3. Commentators talking to Vince … on air
The boss of WWE, Vince McMahon is heavily involved in each show. He is the chairman and Chief Executive Office of WWE and having attended military school, has had brief stints at wrestling himself. He has become the most influential person in professional wrestling and still has an enormously powerful say in what happens on each show. He originally appeared as a commentator initially on the shows and viewers were unaware of his power, however, he created the character of Vince and plays up to it every episode. He has well-publicised feuds on air which may or may not be real, but are no doubt hyped to add to the drama of the shows.
Everyone involved with the show will wear a headset so that instructions and information can be relayed to them. This includes the commentators who wear a headset so that Vince can make his opinions known to them and influence what goes out on air if he feels it is necessary. Commentators need to be extremely careful in terms of what they say to ensure that they are complying with Vince’s wishes. He has a list of words and phrases that he will not tolerate and if any of these are used, he will let the commentator know in no uncertain terms.
2. Storylines written months in advance
It is rumored that storylines for WWE are written months in advance and that producers ‘know’ who will win matches and titles in advance of the events. Whilst this makes a mockery of the proceedings if it is true, it can also cause great headaches for the team. While wrestlers are tied into contracts to ensure their participation in matches, no one can predict injuries or health issues that might befall the wrestlers.
This creates a great headache for the writers who need to sit down to work out how the storylines are going to alter. It is a risky business because no one can predict what might happen to a wrestler and how their performance can be interpreted by viewers. Some can rise or fall in popularity, and if a wrestler gains an enormous following, viewers are going to want to see more of them, and if they have not been scripted into many shows, then the writers need to re-think their strategies and come up with new plans. The rise in popularity issue happened in reality when Daniel Bryan became hugely popular and creators were forced to re-write their scripts on a number of occasions. They hope that these instances will be rare and for the most part, scripts are prepared months in advance.
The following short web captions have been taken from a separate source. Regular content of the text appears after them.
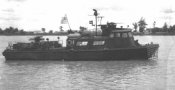 pcf70-1.jpg
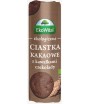 Ciastka kakaowe z kawałkami czekolady BIO - EkoWital 250 g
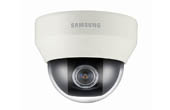 Camera IP Hanwha Vision | Camera IP Dome SAMSUNG SND-5083P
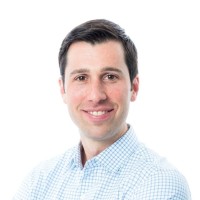 Kevin Krachman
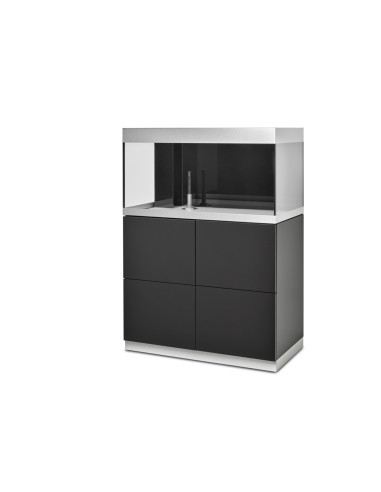 Oase - HighLine Optiwhite 200 - Anthracite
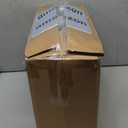 Bedsure Orthopedic Dog Beds Large Sized Dog - Washable Large Dog Cat Bed Waterproof, Comfort Dogs Couch Sofa with Washable Removable Cover, Pet Bed with Nonskid Bottom, Grey, Size: 35"L x 25"W x 6.5"Th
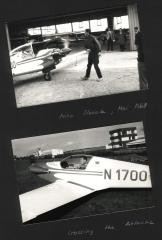 Newspaper Clipping 29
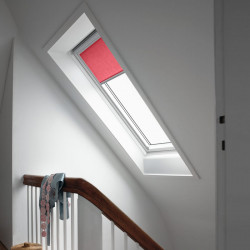 Fereastra de mansarda VELUX GLU 0061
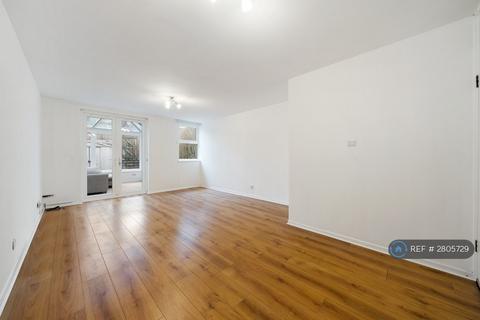 undefined, Grace Close, London, SE9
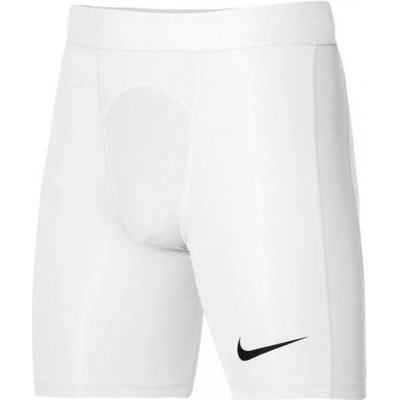 Nike Dri Fit Strike Np Short M DH8128 100 Black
1. Determining what goes on in a match
Despite the massive amount of planning that goes into the matches, there is room for improvisation, and about half a match is improvised by the wrestlers. They will talk to each other in the ring and practice moves in advance that they think will work in certain situations. The actual outcome of the match has been predetermined, but the participants can influence the match content. The better known, the more experienced wrestlers tend to dominate proceedings over the newcomers, but there is room for showmanship and showing off in every match.
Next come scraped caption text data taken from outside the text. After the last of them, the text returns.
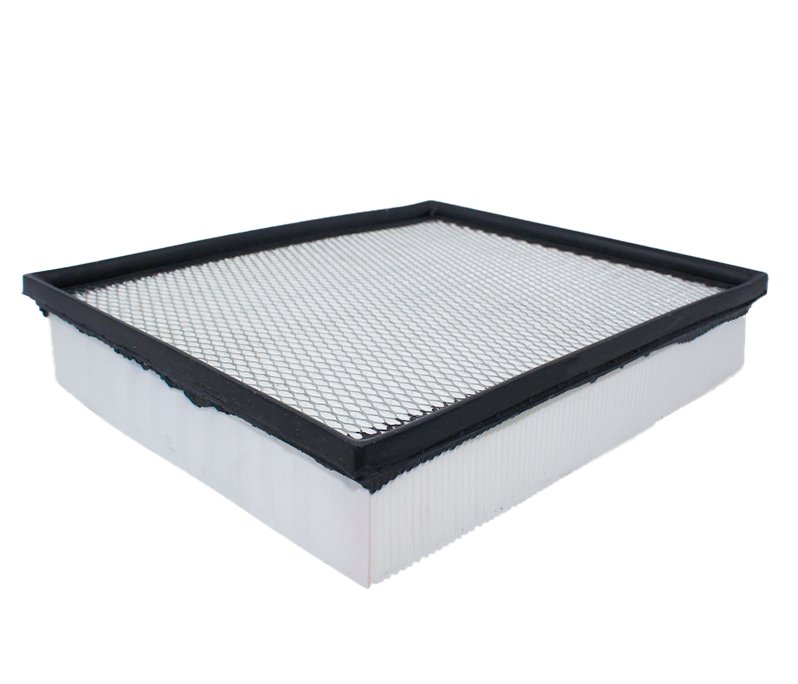 GH-GCVW-1262A — Filtro de Aire GCVW-1262A Gonher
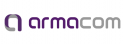 Netzwerktechniker (m/w) - Stellenangebot bei Armacom AG - jobs.ch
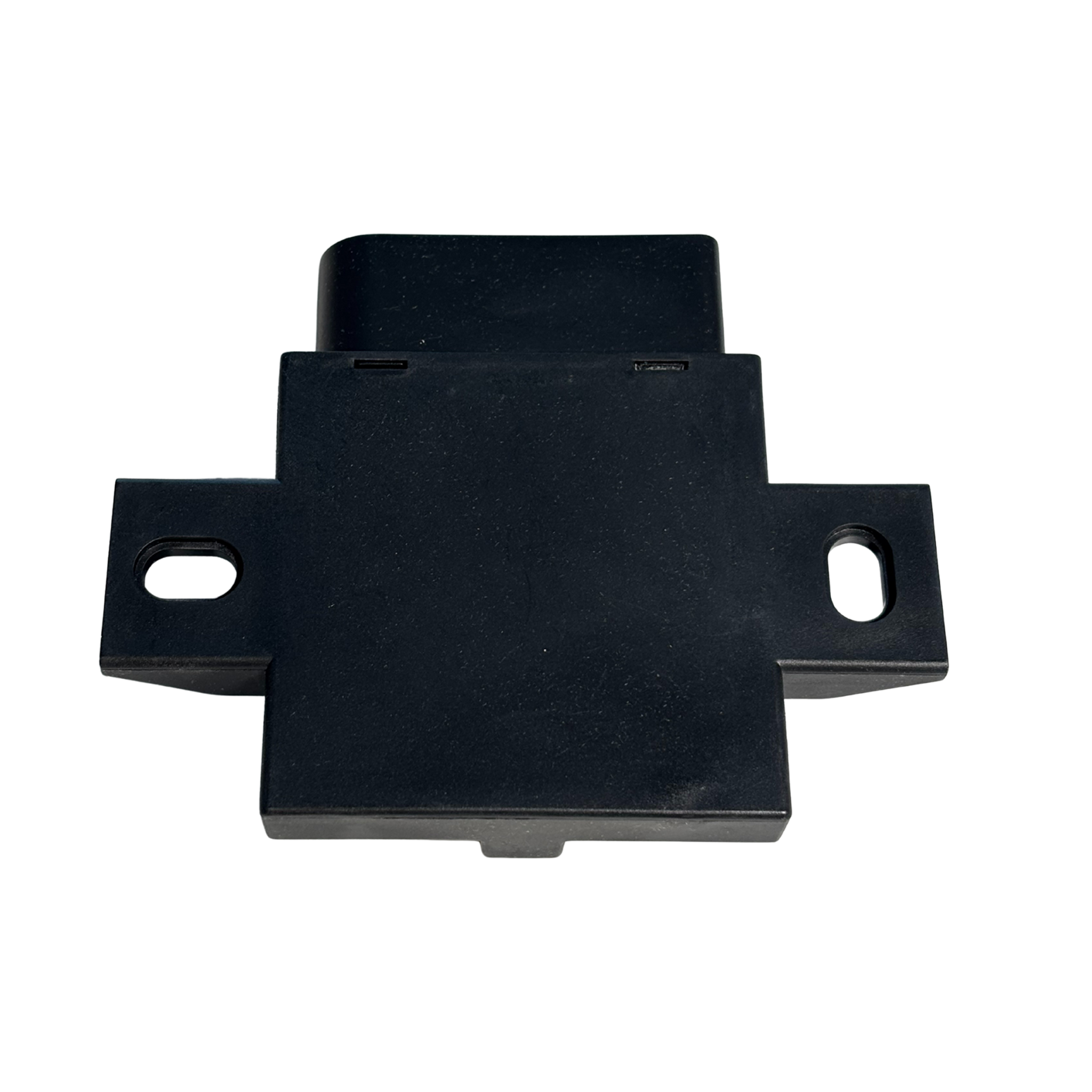 Fuel Pump Control Module For Audi A4 B7 Sedan (2005-2008) 4F0906093L-1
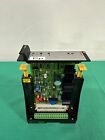 1-537-10V0PV Module, PLC, LCD, Board, Controller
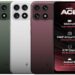 boltt Ace 5G and boltt Evo launched in India starting at ₹9,999 launch price 3 boltt Ace 5G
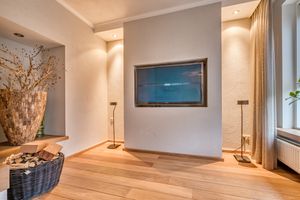 Woonhuis te koop Gebroeders Wienerstraat 9 Venlo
They have the confidence to call the match and dominate what happens, and they have the right to do this as they have earned the respect of their wrestling peers and the crowds. Wrestlers remain ‘in character’ during the matches and have the flexibility to improvise within the confines of this personality. It is, however, a wise move to predetermine the content of a match, as the wrestlers are hugely powerful and if they were to be allowed free rein, many more injuries would no doubt occur. The outcome is always planned in advance by the teams of creators who then script the show ‘backwards’ in order to determine what action should take place to make the end result look more fluid according to Quora.